Thursday, July 8, 2010

the last loose nickel



a doctored photograph by loomis dean, paris, 1959.

Previously:

"
The CD, "Break Through in a Grey Room" comprises a collection of cut-ups recorded in the 1960's in various hotel rooms in New York, London and Paris... recorded circa 1965 with Ian Sommerville between the Chelsea Hotel; 210 Centre Street, NYC and London, and owes as much to Sommerville's technical innovations as Burroughs' readings. "

WILLIAM S. BURROUGHS: BURROUGHS CALLED THE LAW from "Break Through In Grey Room" CD (Sub Rosa) 1994 (US)

4 comments:

Anonymous said...

You have to love Burroughs even if he's incomprehensible. Thanks for the recording - what a gem.... got to love Willie the Rat

ib said...

Glad you enjoyed. The high priest of snide is on top form on this one, dribbling vitriol to great effect; so much so it physically set me off on a laughing jag.

I have not a clue as to whether said incident is entirely fictitious or in some fashion rooted in genuine public nuisance.

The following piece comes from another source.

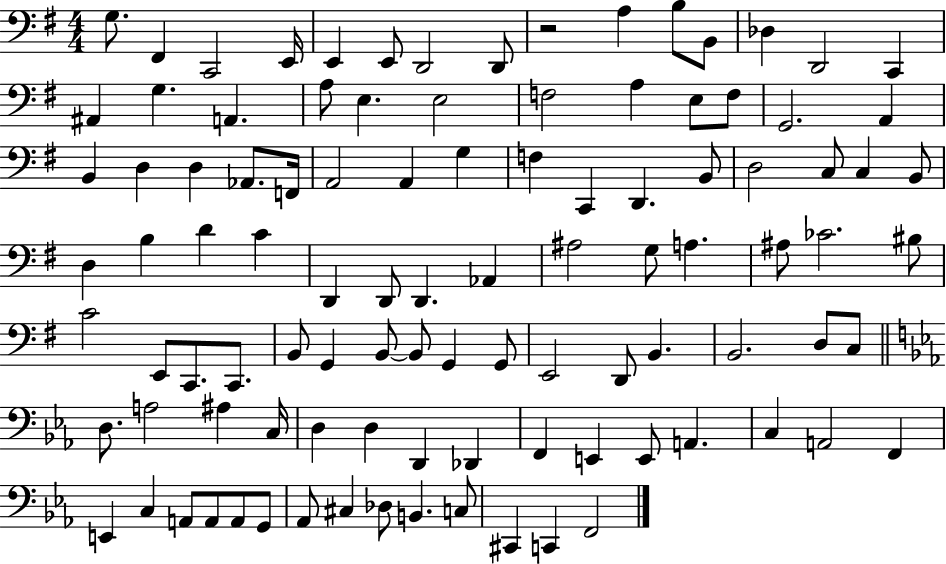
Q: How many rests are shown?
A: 1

Whatever. It doesn't have any bearing on the entertainment value. Like the living precedent for one of Crumb's misanthropes; the gaolbird tailing Mr. Natural in a battered fedora.

said...

Always a hearty thanks for any M. WSB.

Grey Room being one of my all time favorite of his recordings.

I'm not sure if he's really so 'incomprehensible', though. He always gives me laughs. 'The high priest of snide' indeed.

ib said...

I was lax in documenting the provenance of this excerpt, the last track on the CD.

UbuWeb - It may well have been - underlines the "routine" as his "dropping a dime on the Nova mob". Definitely from the mid '60s (in spite of the fidelity), his precise location at the time is not recorded.

The earliest segment dates from 1960, recorded by Brion Gysin at the BBC studios in London and utilising (Gysin's) "permutational technique". "Grey Room" also includes later recordings, from Morocco and London, made in 1971 and 73.